Computational and mathematical modelling towards understanding the structure and dynamics of biological systems has significantly impacted on translational neuroscience to face novel approaches toward neurological disorders such as Alzheimer’s (AD) and Parkinson’s disease (PD). In this study, a computational model of AD and PD have been modelled using biochemical systems theory, and shows how Tumour Necrosis Factor alpha (TNF훼) regulated neuroinflammation, oxidative stress and insulin pathways can dysregulate its downstream signalling cascade that lead to neurodegeneration observed in AD and PD. The experimental data for initial conditions for this model and validation of the model was based on data reported in literature. In simulations, elevations in the aggregations of major proteins involved in the pathology of AD and PD including amyloid beta, alpha synuclein, tau have been modelled. Abnormal aggregation of these proteins and hyperphosphorylation of tau were observed in the model. This aggregation may lead to developing Lewy bodies, fibrils, plaques and tangles inside neurons that trigger apoptosis. An increase in the concentrations of TNF훼 and glutamate during diseased conditions was noted in the model. Accumulation of these proteins may be related to the feedback mechanism of TNF훼 that initiates its own release and the production of excess glutamate. This could lead to the prolonged activation of microglia that result in death of surrounding neurons. With the elevation in reactive oxygen species, oxidative stress also increased. Simulations suggest insulin may be an important factor identifying neurodegeneration in AD and PD, through its action along with the neuroinflammation and oxidative stress.
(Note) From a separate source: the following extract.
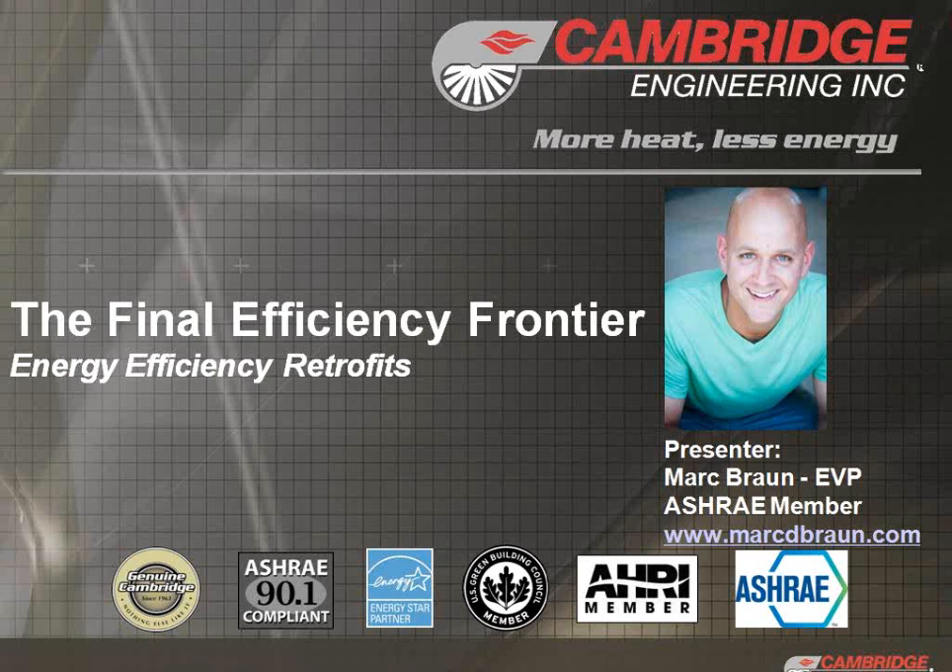We're going to concentrate today on energy efficiency retrofits. The group of invitees was selected from folks that have been called out as either energy service companies or those companies, contractors that focus on energy retrofits. We'll keep the presentation short this morning, get you out selling, and we'll get started.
Low insulin level was noticed in the diseased condition due to abnormal protein aggregation that leads to TNFα release. Given the role towards better design of real experiments, accumulation of oligomers of mutated proteins in AD and PD activating microglia and secreting TNFα along with other cytokines map to oxidative stress that led to cell death.
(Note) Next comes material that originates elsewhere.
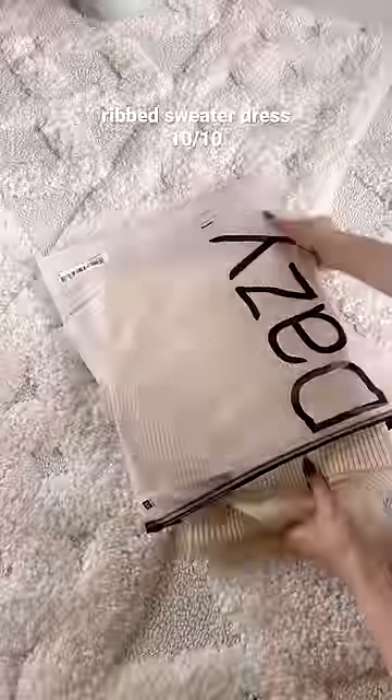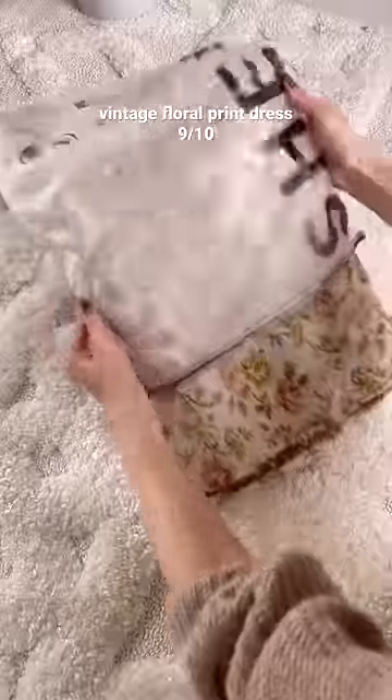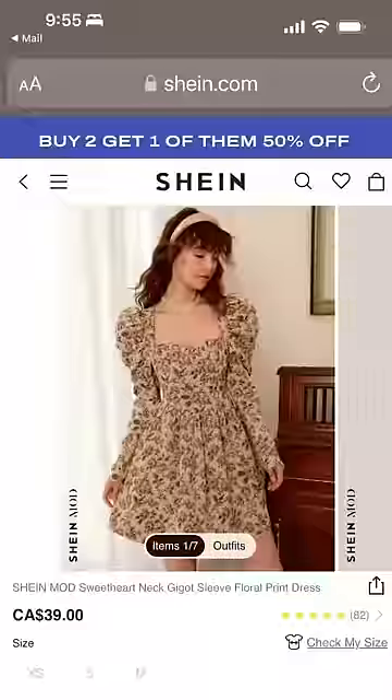But this sweater dress is a quality buy and looks so much more expensive than it is and so flattering on. Another great find is this floral print dress — it has the most adorable puff sleeves and a vintage feel which I love.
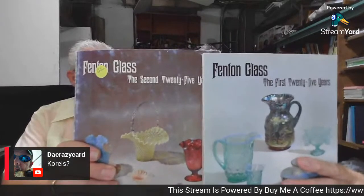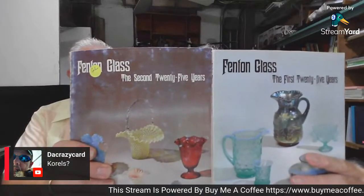I have two Fenton Glass books — one is the first 25 years, the other is the second 25 years. If I went to eBay to get these books now, they're probably $50 to $75. We paid $3 apiece for them at an estate sale. Mike in the chat mentions Covell's price guides — they used to be kind of a Bible as far as antiques, but most of their stuff is online now.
用于理解生物系统的结构和动力学的计算和数学建模已极大地影响了转化神经科学，以面对应对诸如阿尔茨海默氏病（AD）和帕金森氏病（PD）等神经系统疾病的新方法。在这项研究中，已使用生化系统理论对AD和PD的计算模型进行了建模，并显示了肿瘤坏死因子α（TNF훼）调控神经炎症，氧化应激和胰岛素途径如何失调其下游信号传导级联反应，从而导致神经变性。 AD和PD。该模型的初始条件和模型验证的实验数据基于文献中报道的数据。在模拟中，AD和PD病理所涉及的主要蛋白质（包括淀粉样β）的聚集体升高，αsynuclein，tau已建模。在模型中观察到这些蛋白质的异常聚集和tau的过度磷酸化。这种聚集可导致神经元内部的路易体，原纤维，斑块和缠结的发展，从而触发细胞凋亡。在模型中注意到在患病期间TNF훼和谷氨酸盐的浓度增加。这些蛋白质的积累可能与TNF훼的反馈机制有关，后者启动自身的释放并产生过量的谷氨酸。这可能导致小胶质细胞活化时间延长，导致周围神经元死亡。随着活性氧种类的增加，氧化应激也增加。模拟结果表明，胰岛素可能是识别AD和PD神经变性的重要因素，通过其作用以及神经炎症和氧化应激。在疾病状态下，由于异常蛋白质聚集导致TNFα释放，胰岛素水平低。考虑到对更好地设计真实实验的作用，AD和PD激活的小胶质细胞和分泌TNFα以及其他细胞因子的突变蛋白的寡聚物的积累映射到氧化应激，导致细胞死亡。